Thanks again..It won't kill the plant to take that leaf off?..do I take it off right where the leaf meets the stem or..do I take the stem and all..


----------



## Byron (Mar 7, 2009)

> Thanks again..It won't kill the plant to take that leaf off?..do I take it off right where the leaf meets the stem or..do I take the stem and all..


No it won't hurt the plant, and remove the entire stem & leaf.


----------



## kattty (Jul 22, 2010)

Byron said:


> No it won't hurt the plant, and remove the entire stem & leaf.


 Perfect..Thank you very much


----------



## kattty (Jul 22, 2010)

soooo..they laid another batch again the other day.(12th)...I was ready with the other tank...(20 gallon which I set up from the intial batch..

I did the dosing with methalyn blue ect..and now..we have free swimming babies

Don't know how many will survive thsi stage as I've made a few rookie boo boo's but...Hopefully:0Cute little buggers...
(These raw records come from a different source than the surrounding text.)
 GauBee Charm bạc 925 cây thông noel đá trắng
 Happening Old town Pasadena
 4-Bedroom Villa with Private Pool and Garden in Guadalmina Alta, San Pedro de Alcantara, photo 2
Does anybody know how long once they become free swimming they ahve to eat newly hatched brine shrimp? I was reading 2 weeks and then begin to add finely crushed flake food..should I do this ,suppliment it with something else or...any suggestions would be great!

Thanks!


----------



## Byron (Mar 7, 2009)

kattty said:


> soooo..they laid another batch again the other day.(12th)...I was ready with the other tank...(20 gallon which I set up from the intial batch..
> 
> I did the dosing with methalyn blue ect..and now..we have free swimming babies
> 
> ...


I believe it is around 3 weeks when they can start taking larger food, but if they are eating the shrimp I would finely powder some flake food, soak it in a saucer of tank water to get it waterlogged, and squirt it (a baster or similar) gently into the shoal of fry. They will likely eat it. I like to get fish onto prepared foods soon only becuase it is easier for me;-).


----------



## kattty (Jul 22, 2010)

I figure I'd wait a week ro sobefore crushing up some fine flake food..is there a good brand with high nuturtional value that may benefit these guys over something else?


----------



## Byron (Mar 7, 2009)

Omega One and Hikari seem to get good reviews from most members.


----------



## kattty (Jul 22, 2010)

Can someone possiblly tell me what the colour on these guys is/maybe called??
Sorry for the bad video..taken with my blackberry
Thanks..


----------